How do you start a small business marketing plan?
I can tell you how NOT to start it – with marketing goals. Wait, what?
I’ve seen many entrepreneurs, and even business coaches, start a marketing plan with marketing goals. Makes sense, right? But here’s the thing, your marketing goals should directly align with business goals, which means a strong marketing plan starts with business goals and stays aligned with them.
Too many entrepreneurs unwittingly think about business goals and marketing goals separately, but they should actually go hand-in-hand. Every time you set a marketing goal, it should line up with a business goal. This may seem obvious but here’s what I’ve seen time and again, in both small business and corporate marketing:
– A marketing team comes up with a great social media content campaign. It has nothing to do with the company’s business goals and everything to do with the “cool” factor of the campaign.
– A business owner spends all their launch money on a fancy website but is unclear who they’re trying to reach with the site and how the website is going to translate to business growth.
– An entrepreneur spends hours each week making content for Facebook, Pinterest and Instagram but sells a product that would translate best to audiences on YouTube and TikToc.
– A local small business spends more than their marketing budget on print advertising when free networking events would go much further in reaching their audience.
These are actual scenarios happening to companies and business owners all the time.

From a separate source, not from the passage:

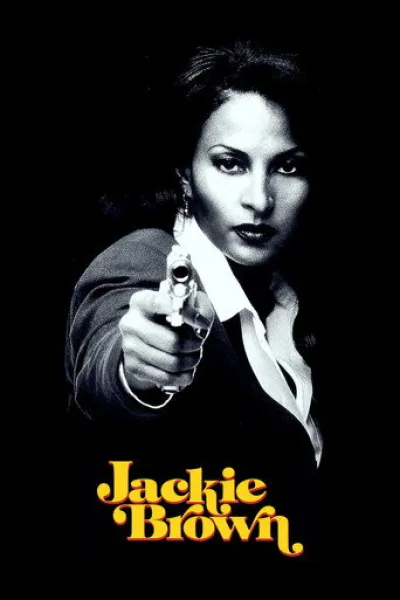 Empfehlung zu «Forge»: Jackie Brown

It’s tempting to be drawn to the fun and flashy sides of marketing and make hasty decisions without sight of the bottom line.

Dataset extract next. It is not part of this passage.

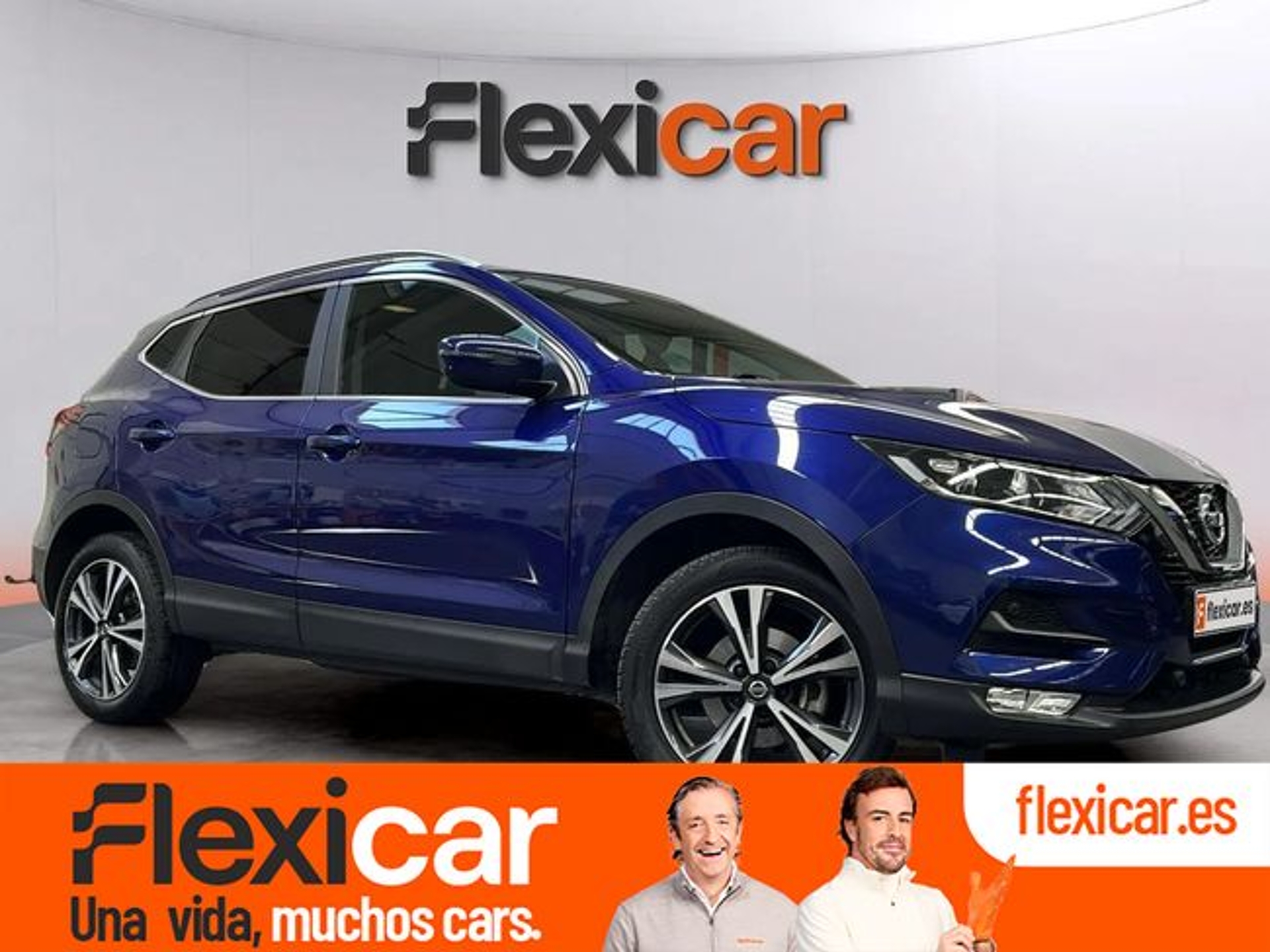 Imagen de NISSAN Qashqai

True business-growth marketing decisions require discipline. A business marketing plan must be based on ultimate business growth goals.
What’s the difference between business goals and marketing goals?
I’m glad you asked – because as you’re sitting down for a goal setting session, it’s easy to confuse business goals with marketing goals. Here are a few examples of the difference to help you keep the two clear.
Business goal examples
Increasing x amount of customers in the next year
Reaching $xxxx in sales in the next year
Launching a new product or service
Eliminating $xxx in overhead spending
Marketing goal examples
Driving xxx additional visitors to your website
Increasing audience engagement by xx% on a social platform
Building an email list to xxxx subscribers
Attending one local event each month
The best question to keep asking as you plan your marketing is this: If I achieve this marketing goal, will it help me achieve one of my business goals? If the answer is a clear yes! then you’ve got a winning marketing plan. If you’re not sure your marketing goals are going to drive your business goals, you may want to go back to the drawing board by investing in my Plan Your Marketing course. This course incorporates all the important factors of an effective marketing plan and can bring you significant clarity and confidence in your business marketing decisions.
In summary, make sure your marketing decisions translate to reaching business goals. I hate to see small business owners – especially ones on a tight budget – doing all kinds of marketing that aren’t the best combination or financial investment for growing their business.